Shift+Cmd+RMB bug

Rotating the perspective view with the RMB and trying to lock it in to an orthogonal view by pressing Shift+Cmd doesn’t always seem to work here. It seems to be possible to lock it to a view that isn’t a true orthogonal view, but some sort of perspective view with a really long telephoto lens. It’s not always easy to detect that the projection is off. The view is also ‘jumping around’ sometimes when locking into a ortho view.
I noticed the problem when trying to project a curve on to a curved surface and got a strange result.
V6 doesn’t have the problem.

It would also be nice if the “One View” viewport labels (in the upper right corner of the viewport) would reflect the orthogonal projection - to confirm that it is a true orthogonal view.

Philip

Some more testing…

To get the correct orthogonal view you have to release all buttons at the exact same time. However there are still occasionally some hiccups… Trimming, for instance, in the orthogonal projection doesn’t always work - even if it works in a ‘normal’ ortho view(port).
When going back to perspective projection (by pressing shift + cmd + RMB again) the view also sometimes ‘jumps’ (= zooms out) unexpectedly.
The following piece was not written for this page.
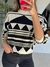 SWEATER TOWN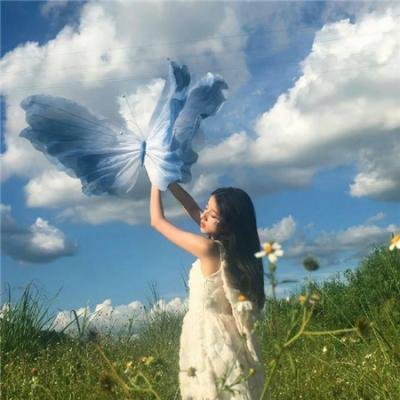 暗黑黎明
To get the “false” orthogonal view: release shift + cmd before releasing the RMB.

Are you able to repeat this? @dan, @pascal

A wish: the CPlane should automatically be set to the correct corresponding projection - otherwise it’s, of course, impossible to draw in the viewport (when looking at the CPlane from the edge).
And the second wish:

Is this possible? I feel that without these two features the implementation is only halfway there. What do you think?

Philip

What is your rotation setting in the command line set to?

You mean for OneView? Default (10 degrees).

Philip

Bump…

can you post a video of what you are seeing? I can’t reproduce your issue here-

Ok - here’s a simple screen recording.

I’m rotating the view normally (dragging RMB) and trying to lock the view with cmd + shift and releasing all buttons simultaneously. However - if I release the RMB a fraction too late I get this weird behaviour where the resulting view is not the normal, expected parallell projection, but a perspective view with a long lens (?). Trying to pan the view after that with the RMB moves the camera sideways (and up and down) in this strange, locked perspective view. Can you repeat that?
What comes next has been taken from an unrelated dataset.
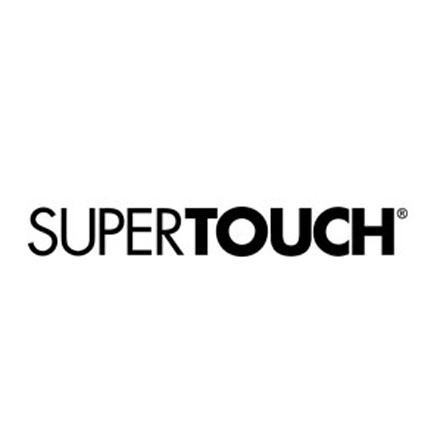 Supertouch Gloves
Releasing all buttons simultaneously at the exact same time results in a correct parallell projection, of course. I wish you wouldn’t have to be so precise to get the correct behaviour. It’s too easy to get a view that’s only a tiny bit off (not as much as in this exaggerated video) - that error can be difficult to catch in time.

Philip

I am not seeing that behavior here… in fact it snaps rather robustly into and out of the cplane and ortho views.

what I am doing:
rotate the model normally, as I’m getting close to ortho, I hold down cmd+shift. Rhino snaps rather strongly to the ortho view… then release cmd+shift.
work in ortho
hold down cmd+shift and rotate to pop out of ortho and back to perspective…
super reliable here…

are you using a mouse with cursor acceleration turned way up?

Action sequence in Win, perspective to orto:

  1. RMB
  2. Ctrl+Shift
    switches to an ortho
  3. Let go first RMB
  4. Ctrl+Shift
    can you in MAC too should be, try.

If you simultaneously let go of all the buttons then, not always, it turns out the same effect as you in the plot.

Yes… but did you try releasing the RMB after releasing Cmd + Shift? That’s how I get the odd long lens behaviour. I think it should just continue rotating the perspective view normally, if I release the RMB too late.

No - default acceleration here. I tried two different mice (Logitech and Apple) - same result.

Philip

Yeah, thanks, that works ok, but my point is that you shouldn’t get this strange behaviour even if you release the RMB too late - in that case dragging the RMB should just rotate the view normally.

Philip

Sorry for using wrong terms here… The lens length stays the same, but I can not rotate the camera around the model - only pan.

Philip

Looks like you’ve got a CMD button sticking on your computer.